Out of curiousity, why?


----------



## light_emitting_dude (Nov 22, 2007)

I carry the SL Strion. I work day shift and use the flashlight very little.


----------



## USM0083 (Nov 22, 2007)

I'm issued a SF 8AX, which sits behind my holster. My personal G2Z with a Cree dropin is in a V70 holster on my weakside. I carry a Tiablo A8S in my back pocket (or jacket pocket, if it's cold out.)


----------



## jzmtl (Nov 22, 2007)

Lobo said:


> Out of curiousity, why?



For , no doubt. :laughing:


----------



## BigD64 (Nov 22, 2007)

I carried a Streamlight Stinger for years. Now I carry the wall of light, Surefire L4. L5 is good too. My department just changed guns to S&W M&P 45 and I've got a Surefire X300 for it. Nice Beam on the X300. Just as bright if not brighter than the L4. Forgot to mention I'm inner city and seldom require a light with massive throw but I have a Lumapower MRV Q5 in the trunk bag just in case.


----------



## Federal LG (Nov 22, 2007)

I use a Fenix L2D.


----------



## Lobo (Nov 22, 2007)

jzmtl said:


> For , no doubt. :laughing:



I was suspecting that, but don't they carry baton(ASP, nightstick, not sure of the name in english) as well?

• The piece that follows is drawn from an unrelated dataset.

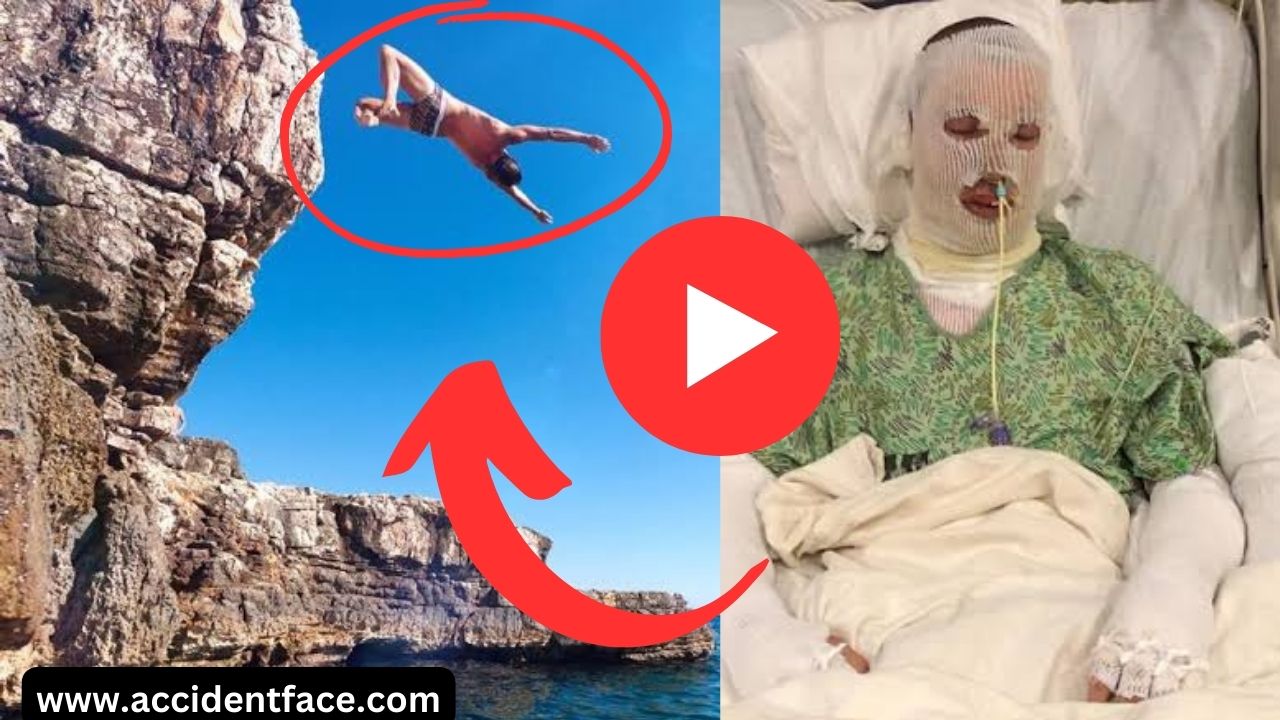Split face diving accident face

Much better suited for *** whupping than a flashlight. Makes it kind of redundant of carrying around a big *** flashlight as well.
And LAPD recently banned all aluminium lights(allthough the reason was lame, they got a good light out of it).


----------



## elt1 (Nov 22, 2007)

Duty issue is a recently upgraded black Surefire G2 LED. Used to be a Streamlight PolyStinger.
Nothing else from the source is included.